I think I may change the Tank's and the Destroyer's names to Tom and Jerry. Only problem is I haven't decided who's Tom and who's Jerry.
My middle son and my youngest have an on going rivalry that mimics that of the famous feline and mouse. Much like the cartoon, my two characters have developed a relationship that often involves mayhem and destruction. However, when need be, they can set aside their differences to achieve a common goal.
Recently, I took my troops shopping for party supplies for the General's birthday party. I needed bird seed for a party craft that I had planned. We were on a mission and before we set off into the store I strategically laid out my plan, to ensure that nothing would run amuck.
"We are going in to get bird seed only. You are not to wonder more than five steps away from me and you are not to pick up any toys that we may pass on the way to the outdoor center. Does everyone understand?" I commanded.
To which I received a general nod.
Off we went into the store.
We were off to a good start.

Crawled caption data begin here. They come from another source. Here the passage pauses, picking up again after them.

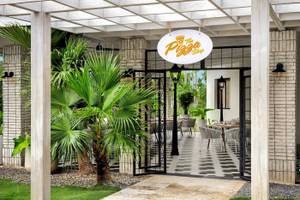 Eingang zum Hotel-Restaurant mit Palmenbaum und schwarzen Gittertüren.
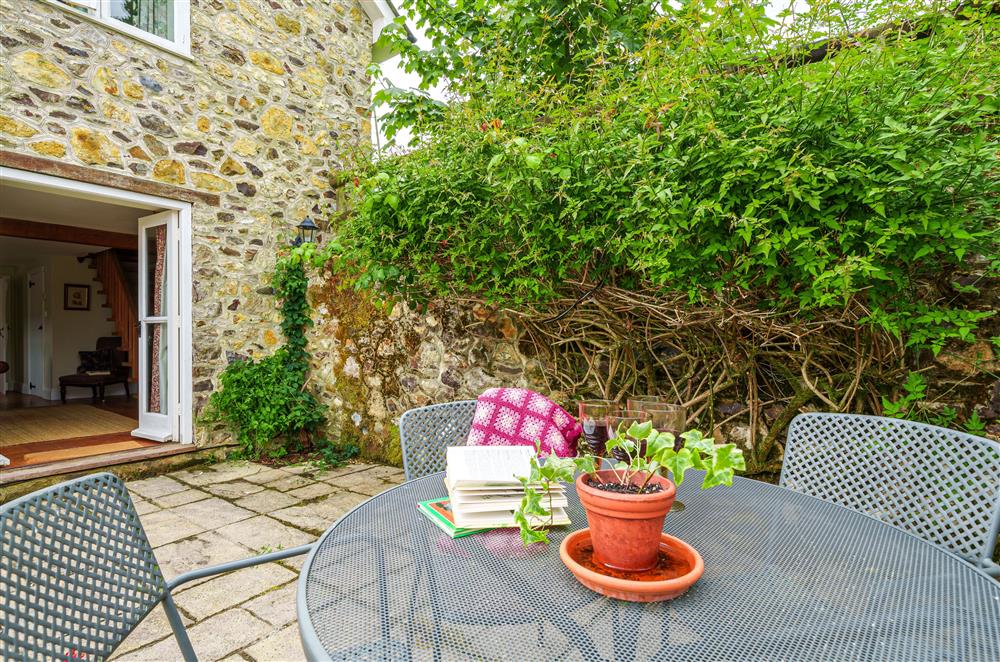 The courtyard garden invites you to enjoy alfresco dining at Beech Cottage, Honiton
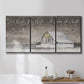 Three-panel canvas wall art featuring rustic winter holiday text art, displayed in a bathroom above a bathtub.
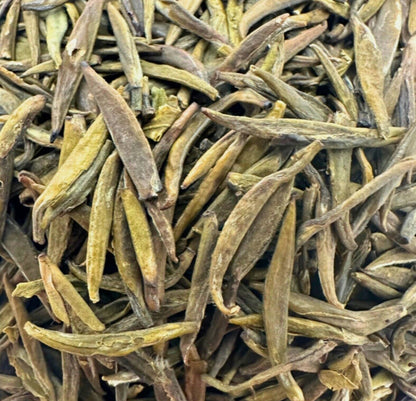 Porter Hill Tea Company's Badaling Yellow Green Tea leaves in a bowl, showcasing vibrant yellow-green tea leaves for brewing.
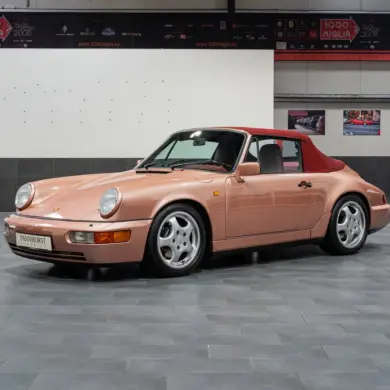 Porsche 964 Carrera 4 Cabriolet in roségold mit rotem Verdeck, seitlich fotografiert, in einer modernen Ausstellungshalle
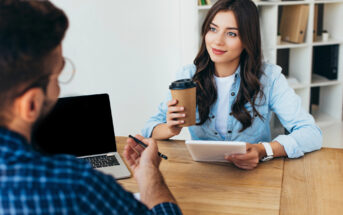 A woman with long brown hair, wearing a denim shirt, is sitting at a wooden table holding a takeaway coffee cup and a tablet, smiling at a man sitting opposite her. The man is in a plaid shirt, holding a pen. A laptop and bookshelf are in the background.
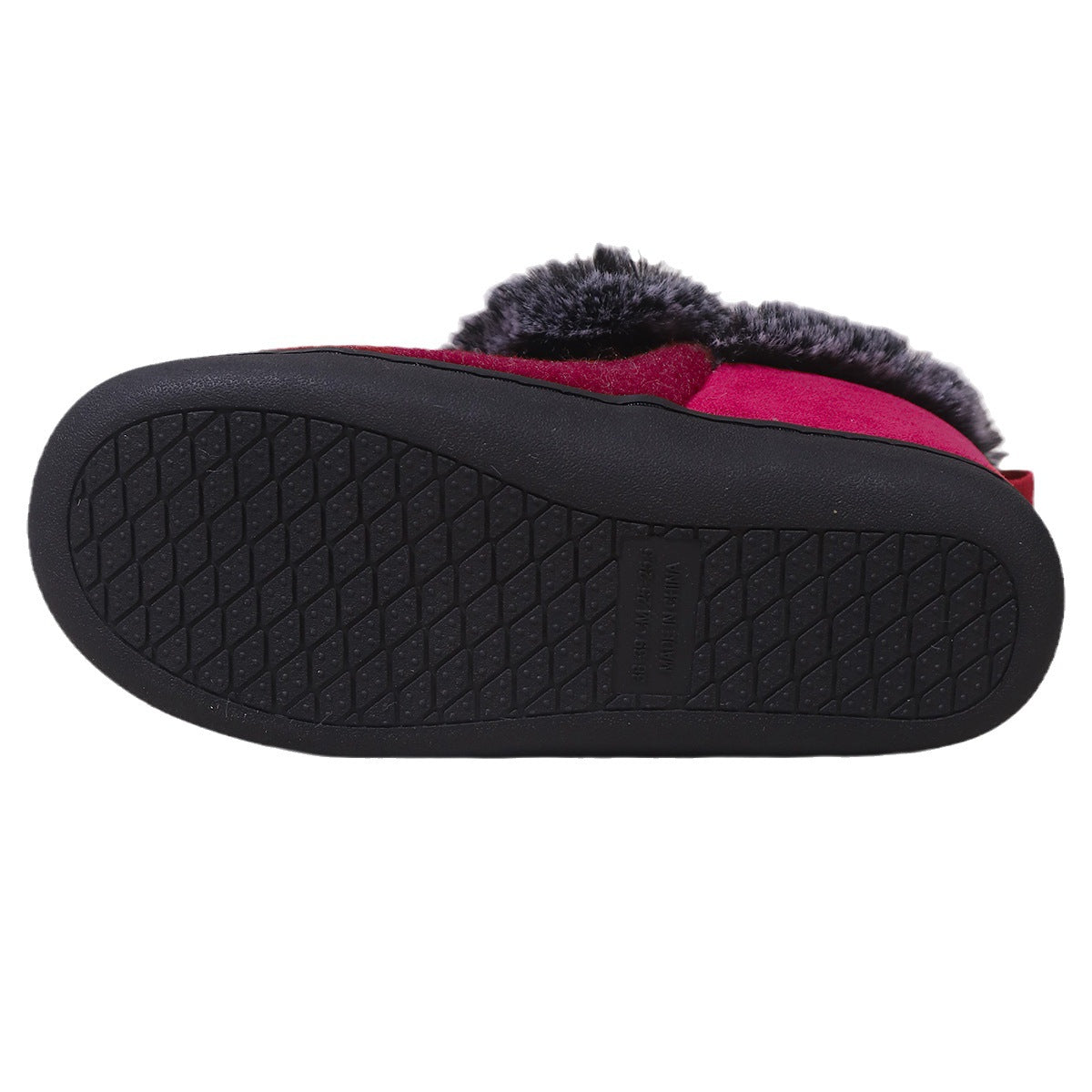 Bottom view of red winter slipper with black rubber sole and gray fur trim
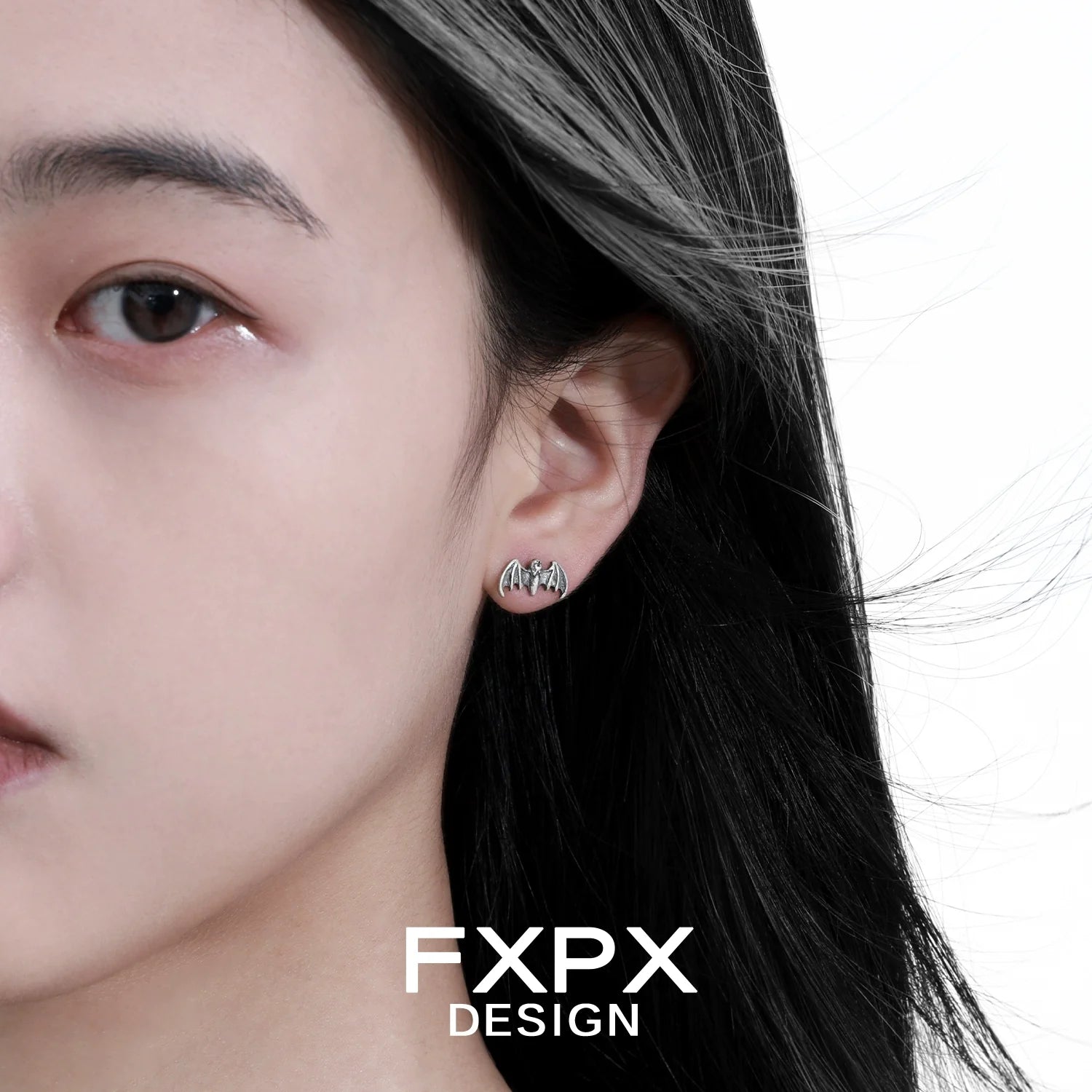 FXPX retro bat stud earrings worn by a model with flowing hair for a stylish look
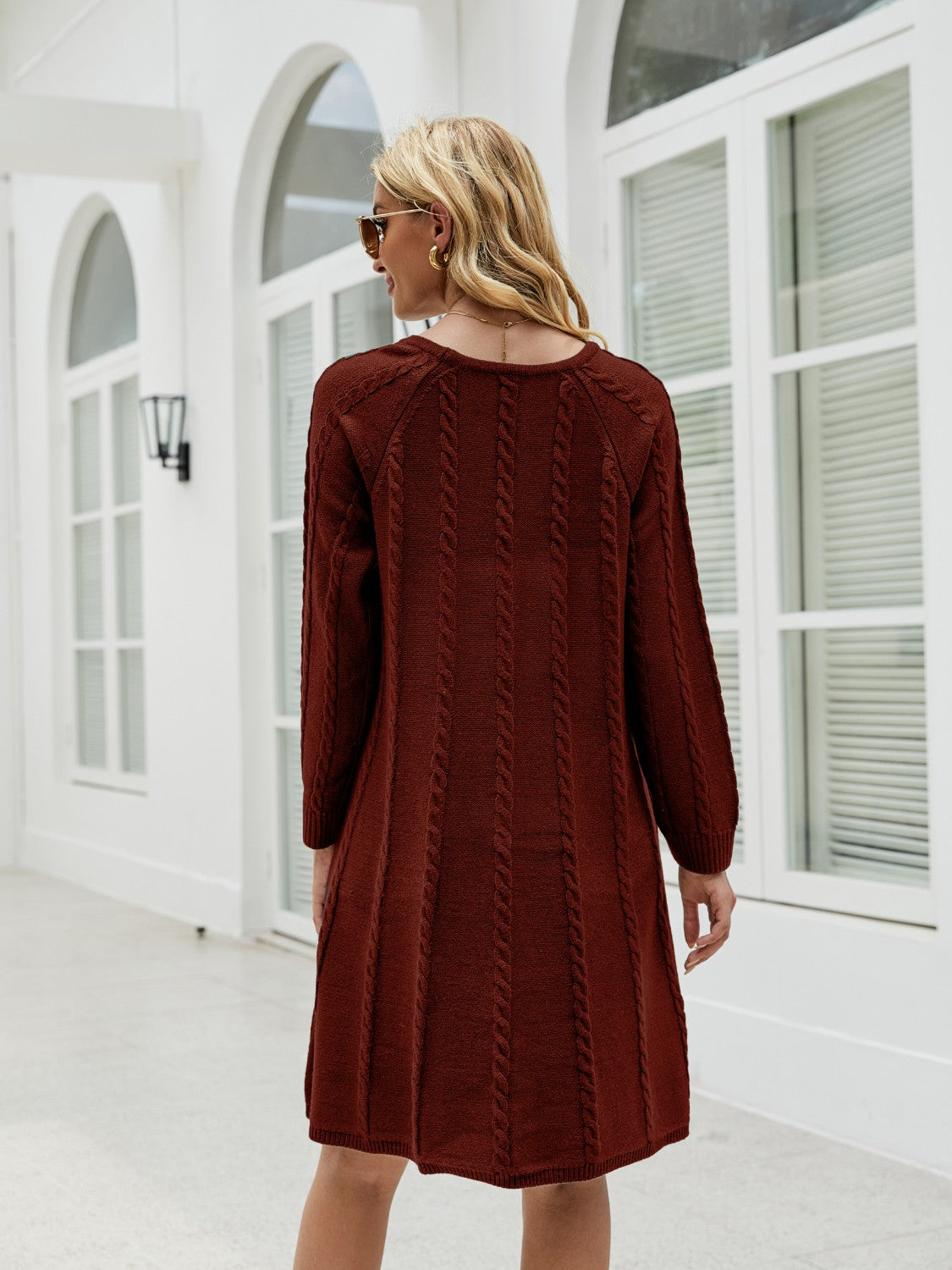Cable knit A-line sweater dress in wine with vertical cable details and long sleeves.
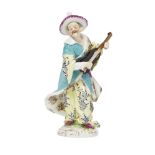 A German porcelain figure of a man playing a mandolin, in the Meissen style, late 19th century, he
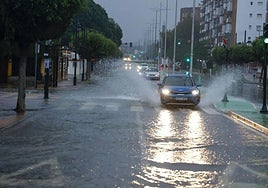 Un choce salpica agua en un paso de peatones en Cartagena.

We made is safely pass a display of kickballs and everything around us was still intact.
"This is awesome." I thought. I can see the garden center straight ahead. I told myself to keep my eye on the target and not to get too cocky and veer from the plan.
We made it safely to the garden center. And I spotted the bird seed straight away. But so did the Tank and the Destroyer (or I should say Tom & Jerry). Simultaneously they picked up the giant bag. And instantly a battle began over who was going to put the seed into the cart. Within 3 seconds flat an entire bag of birdseed was all over the middle of the isle.
Instantly I was consumed by panic. I screamed "I told you not to touch anything!"
The Tank was quick to retort, "You said not to touch any TOYS!"
I was infuriated and the purple hue that took over my face and the steam that seeped out my ears must have tipped Tom and Jerry off. Because, I've never seen my kids move so fast. The Tank and the Destroyer sped down the isle next to us and returned with a kitty litter scoop and small pail.
"You got to be kidding me?" I scolded. "What are we suppose to do with that?"
Unsure, the Tank uttered, "We can scoop up the birdseed with it?"
My tone of my voice was rising as fast as my temper at this point, I was about to explode, "It has holes in it! It's useless!"
At this point, I thought I was starting to hallucinate as a very kind gentleman walked our way waving what I thought was a white flag. (Turned out he was trying to break the tension and was waving his white hankie.)
My knight in shining armor made light of our situation and told me that he would have someone come clean up the mess.
I apologized for my rogue brigade and the gentleman assured me that "they're boys, it's just a phase, and they'll grow out of it, you just wait and see."
Considering that Tom and Jerry had one of the longest-lived rivalries in American cinema, I think I'm in for a long wait.